The tenant did not give her "authority" or consent to liaise with his insurers.
Nevertheless once the tenant gave her his insurers' details, she told his insurers by telephone she believed the documents he had given her from them were not "authentic": "I've reason to believe that it's not".
They were also told that she thought the tenant was involved in fraudulent activity: "I think there might be some fraudulent activity".
She further informed them the tenant was the subject of "a fraud case".
At this point it is worth recalling what Mr Justice Bean considered to be "plain" evidence of "serious harm" to reputation, namely, " to wrongly [accuse] someone of being a terrorist or a paedophile".
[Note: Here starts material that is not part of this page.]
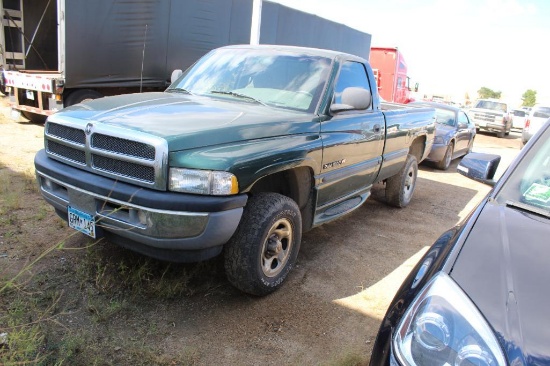 *** 1998 DODGE RAM 1500, LARAMIE, 4X4, REGULAR CAB, V-8 MAGNUM, AUTO, 8' BOX, BOX LINER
Like terrorism and paedophilia, fraud is a crime. The label "criminal" enhances no one's reputation.
Applying Mr Justice Bean's reasoning in the Cooke case leads to the conclusion that "to wrongly" suggest someone is involved in "fraudulent activity", a crime, requires no evidence "to satisfy the serious harm test"; the damage to his reputation is "plain".
Be that as it may, whereas Cooke had the financial clout to defend, albeit in vain, her reputation, her black tenant does not.
And even if he did, "[t]he lengths to which the judge in the Jimmy Mubenga trial went – using restrictive powers – to ensure that the jury heard nothing about the grossly racist texts sent and received by two of the three G4S guards on trial for manslaughter", is "plain" evidence of "the reality of racism" in British courtrooms.
If as Nelson Mandela said about the 1993 racist murder of Stephen Lawrence, in Britain like apartheid South Africa, "a black man's life is cheap", then his reputation is worthless in a legal system that racially profiles him as criminal.
The sad reality is it isn't just G4S guards who profit, "rake it in", from such racism.
Black lives matter, so does their reputation.